Contrato de guidance:
canonicalCapability: capability técnica faltante.
inspectCommands: comandos usados para provar o estado atual.
preferredPath: profile/tag provider-owned recomendado.
rawCapabilityFallback: capability crua só como bootstrap temporário.
breakGlass: aviso explícito para não pedir full-access.
requestShape: forma correta de pedir autorização ao operador.
Ao consumir JSON de denial/check, use esse envelope. Não parseie frase de erro
para decidir o que pedir.
Regras:
ravi permissions status/check/materialize são inspeção provider-runtime.
ravi permissions allow/resolve são orquestração provider-owned com dry-run
obrigatório por padrão e --apply explícito.
ravi agents permissions grava em agent.defaults.runtimePermissions.
Use diretamente apenas para correção agent-only; para fluxos iniciados por
humanos, prefira ravi permissions allow/resolve.
runtime-bootstrap, agent-default-capabilities,
agent-identity-permissions e contact-policy-permissions são os
materializers padrão.
operator-control é o authorization provider explícito para operador local;
ele não materializa capabilities de agent e não autoriza execução de tools.
- O contexto efetivo de um turno externo usa
authorityMode=agent-identity:
capabilities do executor agent projetadas em
agent_identity:<agent>:<compartment>, intersectadas com turn caps quando
existirem.
- Ator/contact e chat/surface são provenance, invocação e compartimento por
default; eles não são branches obrigatórios de tool authority.

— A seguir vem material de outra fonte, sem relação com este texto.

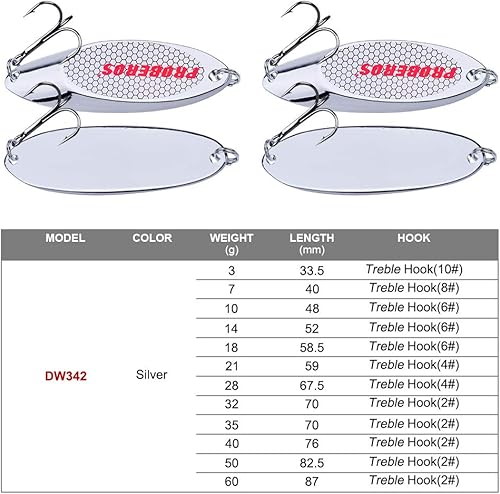 Miniatura 5 de PROBEROS Cucharas de pesca señuelos cebos para lubina, aparejos de cebo de jigging con ganchos agudos, cuchara de metal duro, señuelo de pesca,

Ator
desconhecido continua falhando fechado.
- O modelo antigo
agent ∩ actor ∩ surface ∩ turn está aposentado na criação
de contexto runtime; trate menções a ele como histórico/test fixture.
- Tags são labels; elas não concedem autoridade sem provider explícito.
- Tags de permissão só concedem autoridade quando a tag definition é
provider-owned (
kind=system, source=permissions) e declara capabilities.
- Não peça
full-access para resolver denial operacional comum.
Capability format:
<permission>:<objectType>:<objectId>
Exemplos:
ravi permissions materialize --subject-type agent --subject-id main --json
ravi permissions materialize --subject-type agent_identity --subject-id <agent-id>:chat:<chat-id> --json
ravi permissions materialize --subject-type contact --subject-id <contact-id> --json
ravi permissions check --permission view --object-type agent --object-id worker --local-operator
ravi permissions resolve <denial-id>
ravi permissions allow image-generation --to agent:image-agent --capabilities mutate:image:generate
ravi tags show permission-family --json
CLI command capabilities:
- Comandos decorados com
@CommandAccess usam capabilities semânticas:
<read|mutate>:<resource>:<action>.
- Exemplos corretos:
read:skills:show, read:self:permissions,
read:tasks.profiles:list, read:tasks.profiles:*, read:cron:show.
execute:group:<group> e execute:group:<group>_<command> existem como
compatibilidade, mas não são o formato recomendado para novas instruções.
- A capability canônica indicada pelo denial deve bastar para repetir o mesmo
comando. Nunca peça
execute:group:* depois que o grant semântico já foi
aplicado; isso indica regressão no pipeline de autorização.
- Evite formato com
resource e action fundidos por ponto. O formato
canônico separa a action no terceiro segmento, como read:skills:show.
Ao orientar outro agente, responda com:
- a capability canônica que faltou;
- qual ponto bloqueou, se disponível: agent identity/executor, ator
desconhecido, turn cap, provider runtime ou legado actor/surface;
- o profile/tag provider-owned recomendado para
agent:<executor>;
- o comando
ravi permissions resolve <denial-id> quando houver denial id;
- aviso claro se a alternativa for break-glass.
Forma recomendada de pedido:
Preciso do profile/tag <slug> para <workflow> em <escopo>.
Evidência: faltou <canonicalCapability>; inspecionei com <command>.
TTL: temporário por padrão; permanente só se o operador explicitar.
Para denials com authorityMode=agent-identity, não peça grant para cada
contato ou chat só porque actorCapabilityCount/surfaceCapabilityCount é 0.
Isso é esperado: o fix recorrente é no agent executor/agent identity, salvo se
o erro for ator desconhecido ou uma policy de invocação explícita.